Nada queda al azar en el camino. Si la harina es de trigos nuevos se torna imposible el trabajo, marcado también por la alimentación del cerdo, clave para la untuosidad de la mezcla. «Hay que estar al detalle. Es un proceso sencillo, sí, pero hay que saber hacerlo», añade la responsable de la firma, devota además de la maquinaria de antaño que conoce «pieza a pieza» y que defiende a capa y espada, pese a que condicione su producción. «Podríamos montar otro horno, cambiar todo y añadir un turno de tarde (trabajan de 6.00 a 14.00 horas), pero no queremos. Llegamos hasta donde llegamos y está bien, nos permite vivir tranquilos. Hay que saber dónde tienes tu limitación para conocer dónde está tu riqueza», sentencia.

Y con idéntica sonrisa asegura que ve el futuro con optimismo. Por mantener, mantiene la cartera de clientes tan diversificada como la dejó su abuelo, más todavía con la incorporación reciente de cadenas de supermercados que hacen posible incorporar en la cesta de la compra diaria sus dulces. Pueden presumir de ser de los pocos supervivientes de la crisis galletera regional y nacional. Han logrado incluso capear el temporal de la inflación, aunque haya sido a costa de no repercutir el encarecimiento en el precio final y adelgazar el beneficio.

Rompe su discurso -como lo hace su rechazo a renovar la imagen de marca o a modificar el empaquetado, la fórmula o el inmutable proceso de elaboración de sus bizcochos- con lo que hoy es tendencia. «No compartimos para nada esa visión actual tan neoliberal de crecer y crecer para ganar más y más.

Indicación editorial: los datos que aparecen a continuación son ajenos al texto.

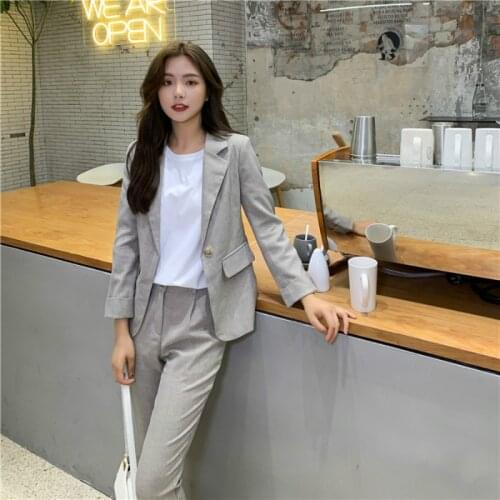 2020 Autumn Womens Fashion Classic Suit Pant Set Female Korean Version Of The Professional Suit Blazers Trousers Two-piece Sets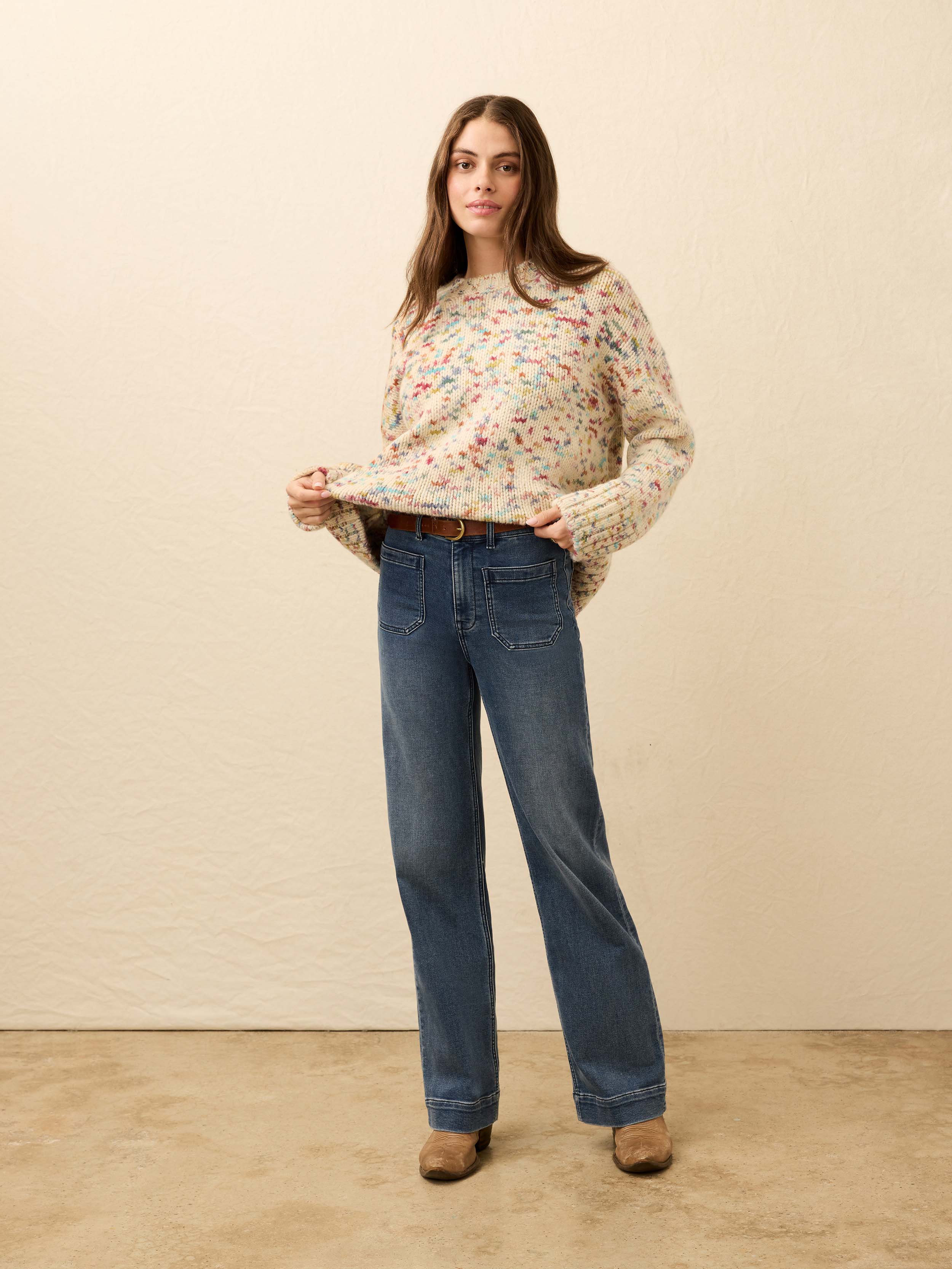 Superfine Alpaca Summit Sweater - Snow Sprinkle | Faherty Brand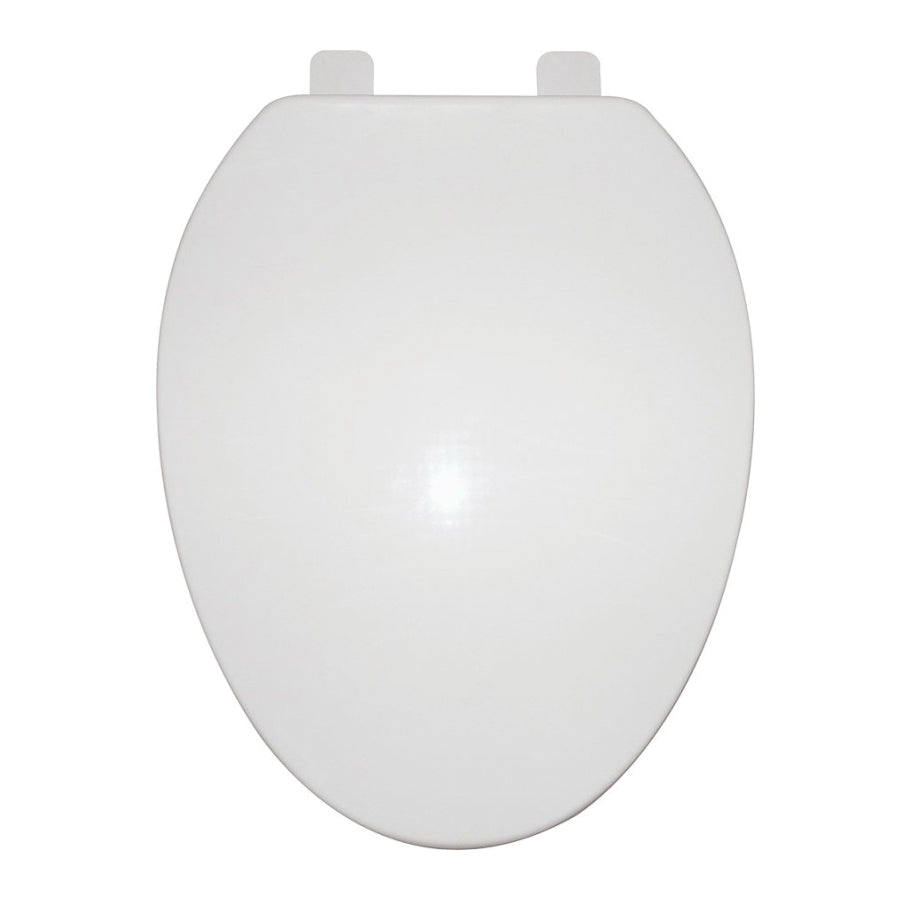 ProSource Q-019-WH Toilet Seat, Elongated, Polypropylene, White, Plastic Hinge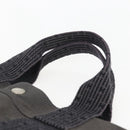 HERMES Her Line MM Hand Bag Canvas Gray Silver Auth 153727-8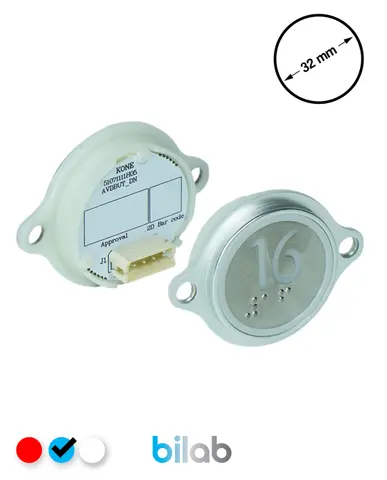 KM863052G065H016 KDS STD BUTON, MAVİ, YUVARLAK, KULAKLI, SBS.16 – KONE uyumlu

Al final es un planteamiento que esclaviza a todos los involucrados, porque tienes que apretar continuamente a quien te provee, a quien trabaja contigo y a ti misma, todo el día pendiente. Nuestra intención es estar cómodos y a gusto, vender lo que producimos, que nuestra marca mantenga su valor y jubilarnos aquí, felices, cuando nos toque», resume Angulo a modo de plan de negocio «realmente sostenible». Habla frente a la fotografía en blanco y negro de los fundadores de Bizcochos Noel y a un recorte de prensa que repasa y loa la trayectoria de su abuelo, nombre propio en la Lerma que le vio crecer y prosperar y de la que su legado es emblema (pueden dar fe todos los que circulen hacia Burgos por la A1).

Beatriz, que sueña con un museo del bizcocho, se sienta cada día en la misma sala, ahora despacho, que fuera un saloncito en el que Lorenzo reposaba de sus tareas al frente de la fábrica (y concurrida tienda), el taller que puso en marcha justo al lado y el cuidado de sus animales.

A pocos metros, la malla que sale del horno como lengua inagotable de un dragón inmortal mantiene su cadencia, su latido constante. Sigue rodando, hoy como ayer, ocho horas diarias para llenar las inconfundibles cajas de cartón de 1.700 o 600 gramos y los paquetes más pequeños (amén de las demandadas bolsas de ‘recortes’) de bocados y algo más: mucho cariño y el valor de lo sencillo.